I can dream I guess.


----------



## MP2050 (May 1, 2002)

YEah I think U guyz are wasting your time --There doesnt seem to be any convincing of Niss200sx to get rid of that GTR  ...

Oh how I can remember those shameful days  

OH yeah BTW the grill seems to look real clean--I basically did the same but I must admit--It didnt come out as good...

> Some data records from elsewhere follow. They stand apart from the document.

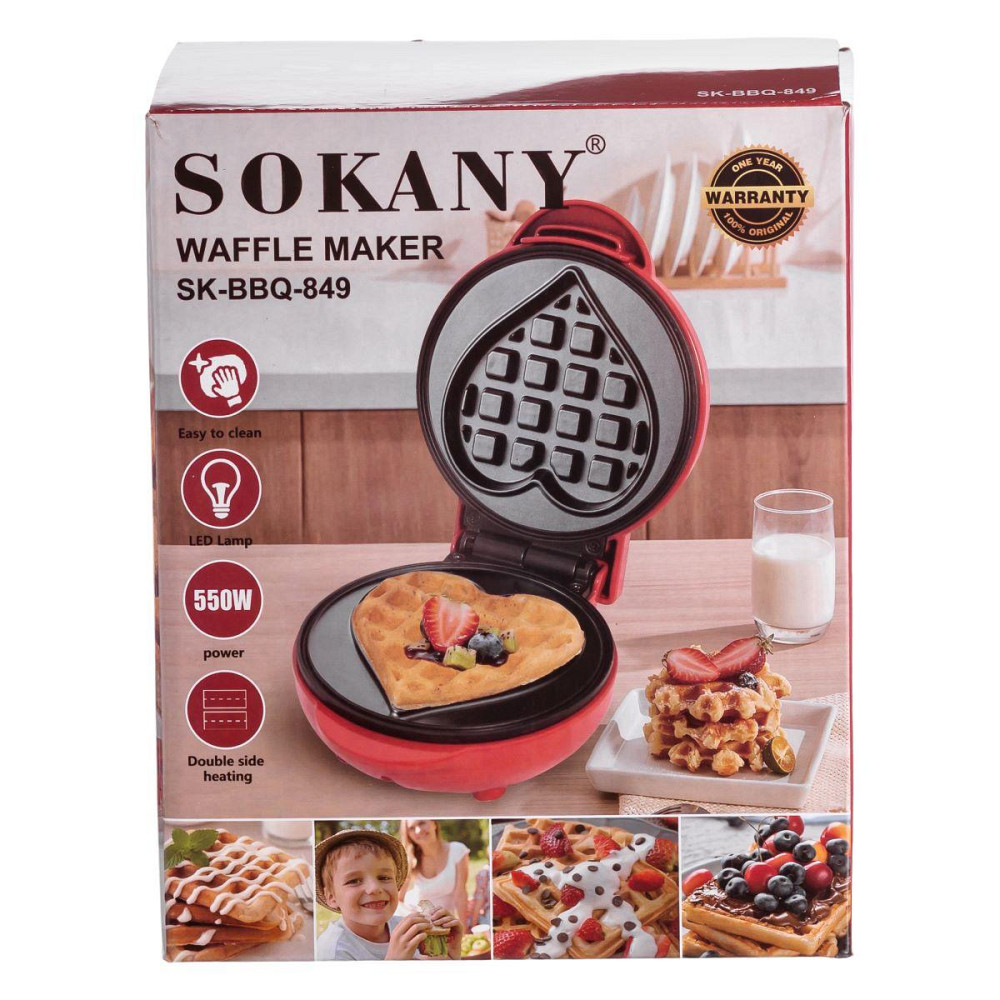 Вафельница для бельгийских вафель Sokany с антипригарным покрытием Киев - изображение 5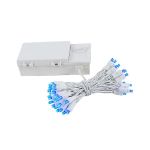 50 LED Battery Operated Lights Blue on White Wire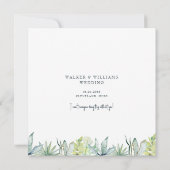 熱帯の葉の花嫁の提案 招待状 (裏面)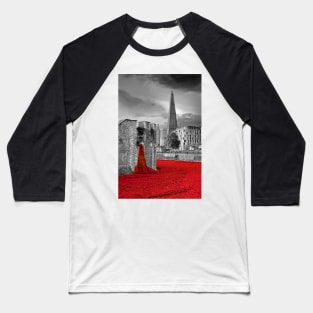 Tower of London Red Poppy Poppies Baseball T-Shirt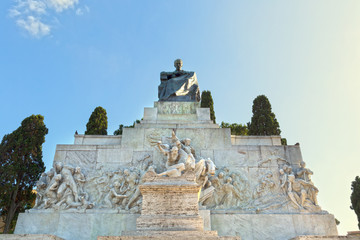 Fototapeta na wymiar Monument to Giuseppe Mazzini in Rome, Italy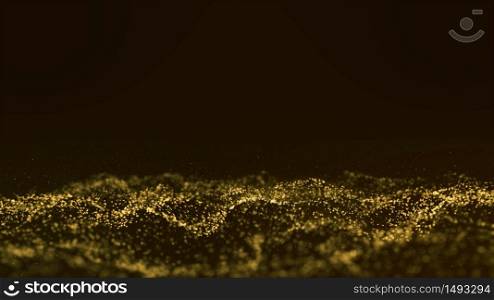 Particle background Sparkling gold Has a bright shine Sparkling, beautiful, glowing Brightness of abstract in wave motion In space and universe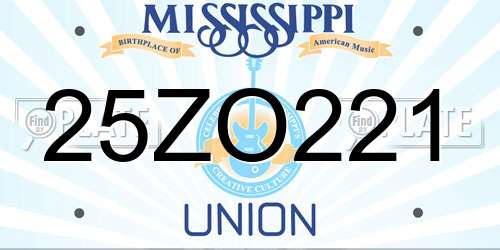25ZO221 Mississippi License Plate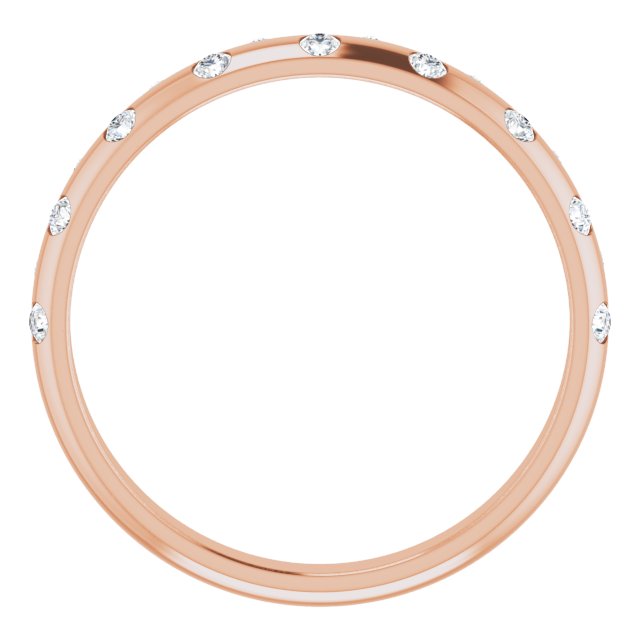 14K Rose Gold Round 1.5 Mm Si2-Si3, G-H Polished 1/6 Ctw Natural Diamond Anniversary Band, Size 6.5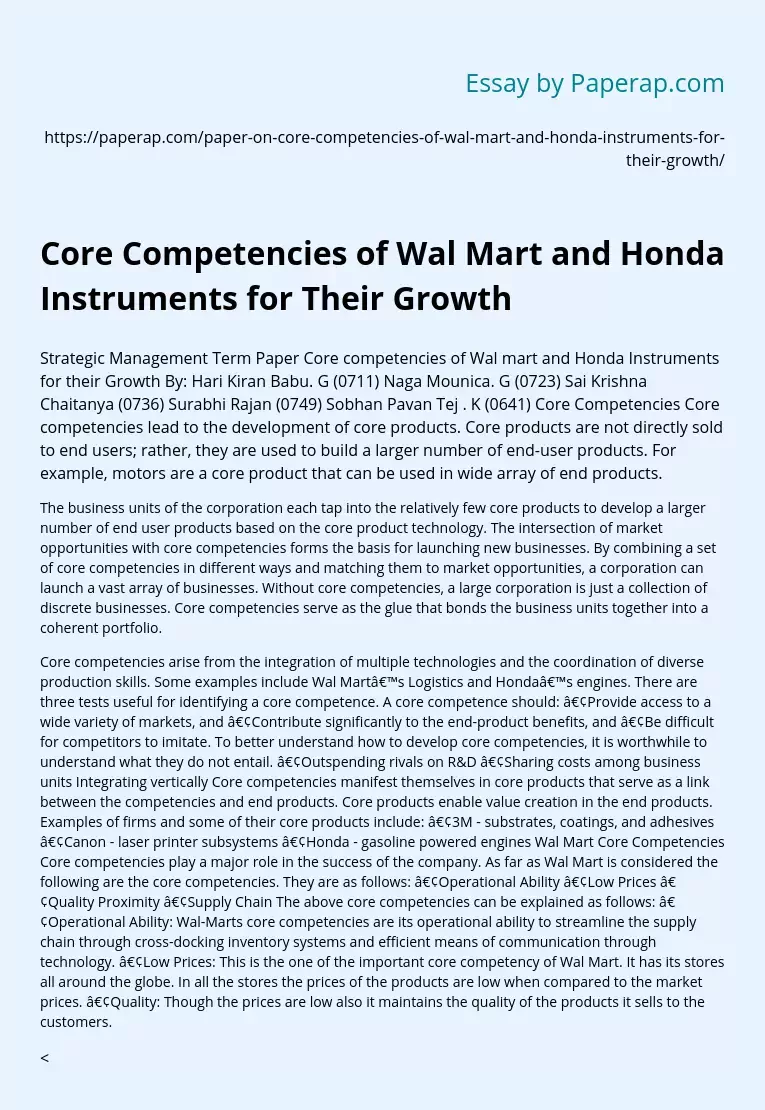 Core Competencies of Wal Mart and Honda Instruments for Their Growth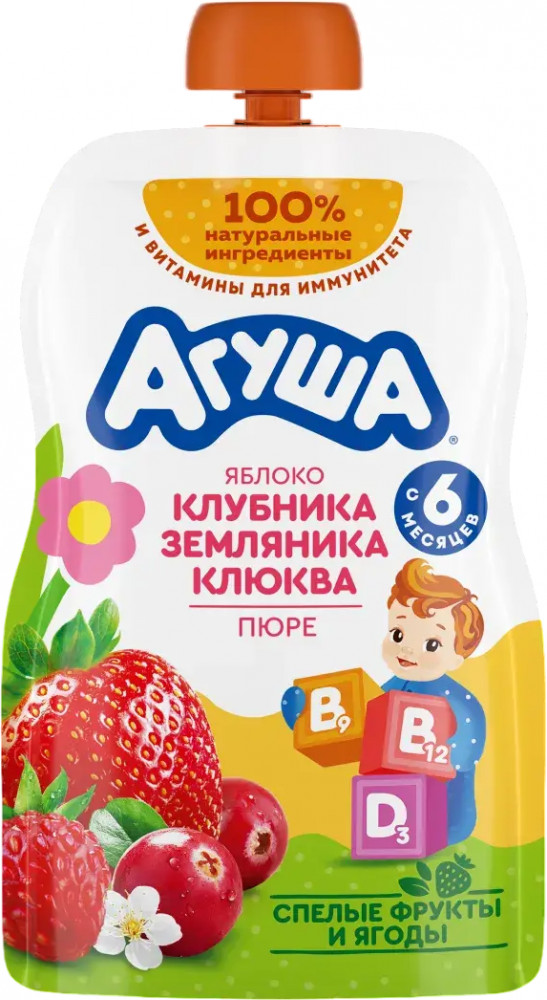 Пюре фруктово-ягодное «Яблоко-клубника-земляника-клюква» | Агуша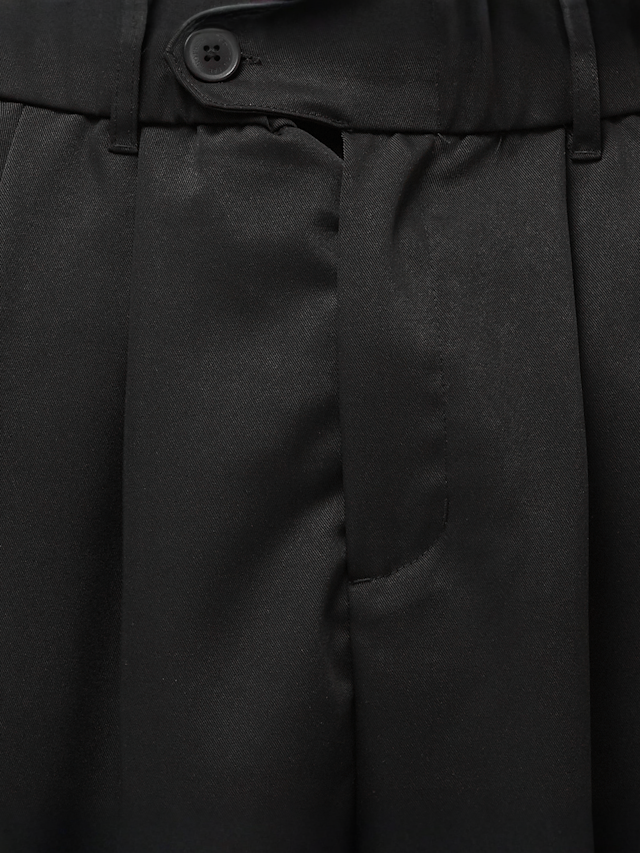 Another Cotton Lab, Double Pleated Shorts, black, Image 3 of 5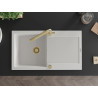 Mexen Leo fregadero de granito de 1 seno con escurridor y grifo de cocina Duero, blanco - 6501-20-671600-50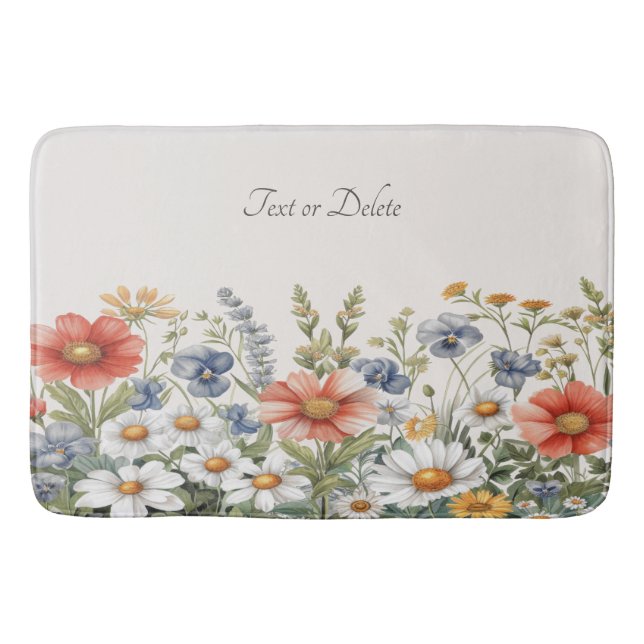 Tapete De Banheiro Colorir Flores Selvagens Bath Mat (Frente)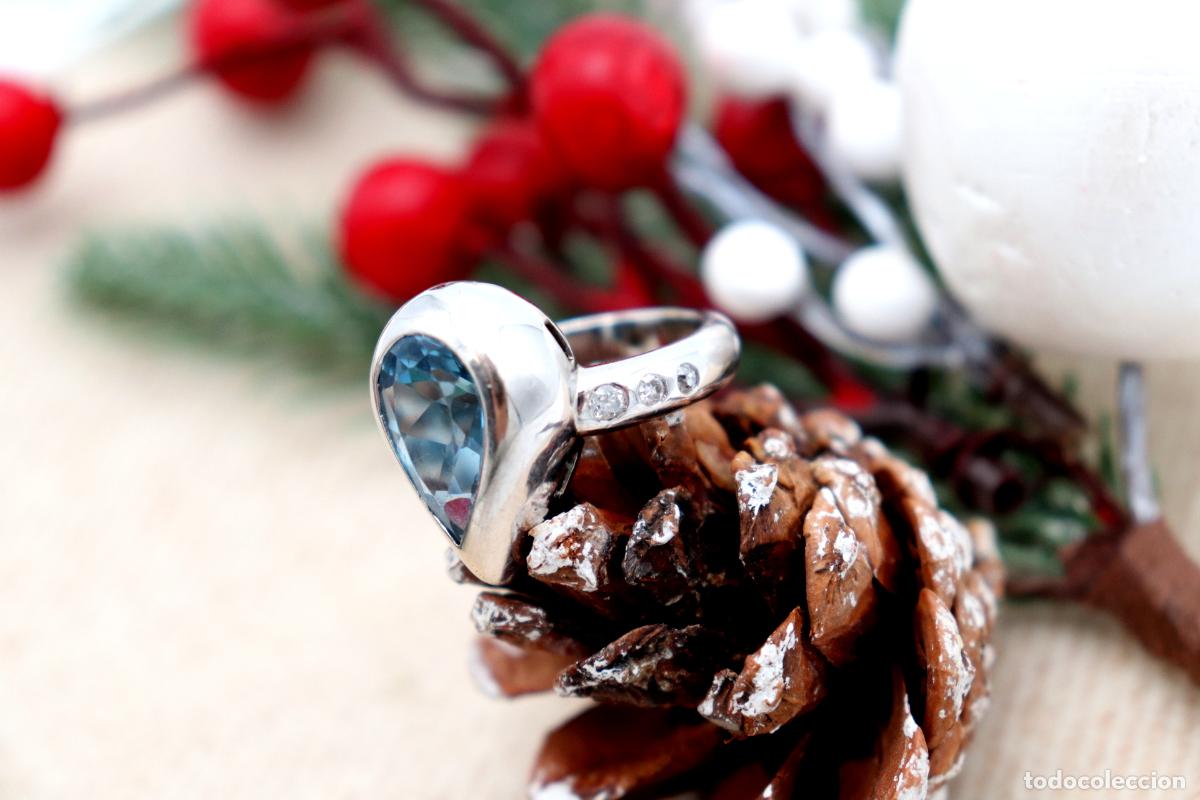 Joyeria: Anillo de oro de 19,2 quilates con diamantes y topacios - Foto 6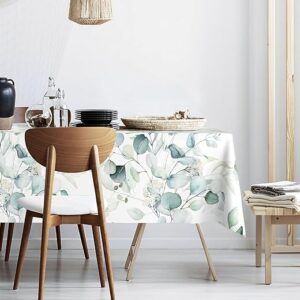 Sage Green Eucalyptus Tablecloth Waterproof Fabric,Rectangle Watercolor Oil-Proof Wrinkle Resistant Table Cover for Dining Table, Buffet Parties and Camping,Mint Color(52″ x 70″ inch)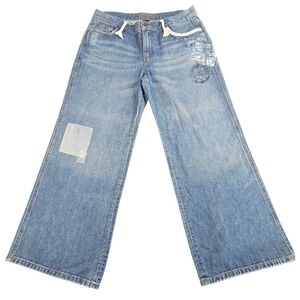 Ralph Lauren Jean Co Women's Blue Wide Leg Patchwork Ankle Jeans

I tell u wut though Ill take my less than perfect homemade grill minus a GTR emblem over yours wit one (hint-hint)


----------



## Niss200SXGTR (May 31, 2002)

lol, finally SOMEONE GETS IT!!!. im never gettin rid of the GTR, i will be the only GTR nissan 200SX in the world!.. except any other 200 that packs a GtR emblem.. but, i LIKE the emblem! So


----------



## LIUSPEED (May 29, 2002)

i like that GTR Logo.. but since niss already got them i dont want them no more.. i rather stick NISMO decal on there if i get one.


----------



## Niss200SXGTR (May 31, 2002)

hmmm good idea. a nismo badge.. maybe one of them limited edition nissan ones?


----------



## LIUSPEED (May 29, 2002)

hmm.. i dont like da circle one but i just want the words nismo.. look better.. circle one look kinda uhm.. sorry to say but not as mean.


----------



## Guest (Aug 8, 2002)

Keep it the way it is. Looks great. What is that made out of? Fiberglass? Oh yeah... you gonna have to kill me.


----------



## Niss200SXGTR (May 31, 2002)

*cocks his shotgun*.. well.. its made out of fiberglass yes, *BOOM*


----------



## Ninety-Nine SE-L (May 5, 2002)

did you make the border yourself or are they from a stock grill (that you modified).


----------



## UnderDog (Jul 14, 2002)

Those are cute. I could replace my LE badges with them on the front quarterpanels.


----------



## LIUSPEED (May 29, 2002)

*

add 12 dollars and get a shirt with the grill !!

*


----------